Once you have this expensive fungus, how do you handle it? I have only once purchased a truffle and the truffle hunter told me her two favorite applications: grated into scrambled eggs or sliced thinly and placed on top of foie gras toasts.

Fortunately, annually Sarlat holds a truffle festival in the middle of January and regional chefs prepare all manner of recipes with the black truffle, allowing people to sample its diversity without going broke. (It’s like a truffle tapas party where little plates and glasses of partnered wine can be purchased for a few Euros at a time.)


With all this serious research—including some excellent treks into the region’s wild forests—I can now say that my favorite recipe comes from that same lady in the café. This is the recipe her family enjoyed as appetizers in flush years for New Year’s Eve and it is the simplest and most sublime of recipes because nature has done all the work:

Canapés aux truffes:

A fresh baguette, sliced into disks
A black truffle, sliced thinly
Good quality sweet butter
Sea salt
Brut champagne

Butter the bread and layer on the truffle slices.
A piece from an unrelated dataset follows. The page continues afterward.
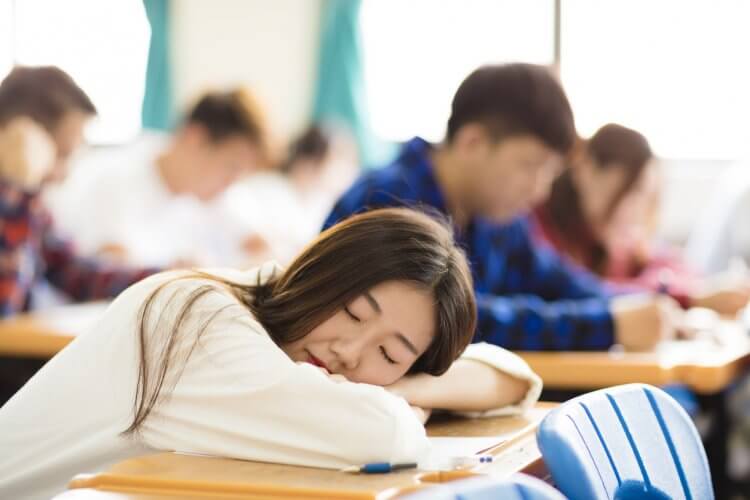 居眠りしている学生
Sprinkle lightly with sea salt. Enjoy with friends and a glass of dry champagne.

Bon Appetite!

Tuesday, January 3, 2012

Wild Mushroom Hunting in Southwestern France


A lot of my treks lately have been in and around Aquitaine in southwestern France. It’s an amazing region, from the wild areas of the Pyrenees to the wild Atlantic coastline, to the interior of limestone prehistoric caves and rock shelves, river valleys, medieval chapels and fortresses, and vineyards as far as the horizon.

It was an odd autumn here, as in so many other areas. Instead of a cooling and wet season, the days remained bone dry and warm.  Anticipation of the year’s wild hunt for porcini mushrooms, regionally known as cepes, was dashed. Many locals, mushroom experts for decades, told me that because there was no rain in September, there would be no cepes this year. Cepes crop up magically overnight when the rains come in September. I had asked if there was a chance that they’d appear in the forests if it rained in October or November. The answer was a somber no.

So imagine all our surprise when in mid-November, after some decent rains, older farmwomen began appearing in the weekly markets of the Dordogne with baskets laden with cepes. It created a buzz and people’s hearts lightened. The season was not lost and moreover, those delicious fungi were still willing to grow even though September had come and gone. We cheered for now egg omelets with cepes, mushroom tarts with cepes, and simply olive oil and garlic sautéed dishes with cepes were back on the menu.


I had the unexpected delight of going mushroom hunting twice with good friends. One day we went to the neighboring south central French region of Cantal, from where the famous Cantal cheese comes, and on another day we stayed more local in the forests of the Dordogne near Les Eyzies, the heart of prehistoric painted and engraved cave country.


The challenge of a later cepes crop was that by now the fall leaves had turned color, dried, and fallen off the trees onto the forest floor. To look for the telltale tan brown top hat of cepes meant a form of mental concentration and being present in the moment that modern humans are less practiced at compared to their prehistoric brethren. But being so near the latter’s homes in the rock shelves overhead inspired us. 

Both days, we found lots of mushrooms of all varieties. Many were poisonous and we had to be careful. But only cepes have the bulging stems that look like a person after Thanksgiving dinner. Those, we kept and took home and sautéed them in olive oil and garlic and tossed them with eggs and a hit of sea salt and sat to a meal with a crusty baguette, a green salad, and a medium bodied red Bergerac wine. It all tasted so much more vibrant for the day spent hunting and gathering out of doors. 


In moments like these, I feel more intensely that I am connecting to our ancestors who some 25,000 years ago lived in these forests, valleys, and rock faces and hunted and gathered for a living. It is moments like these that I also hope that I can take that level of concentration and mindfulness back into the modern world.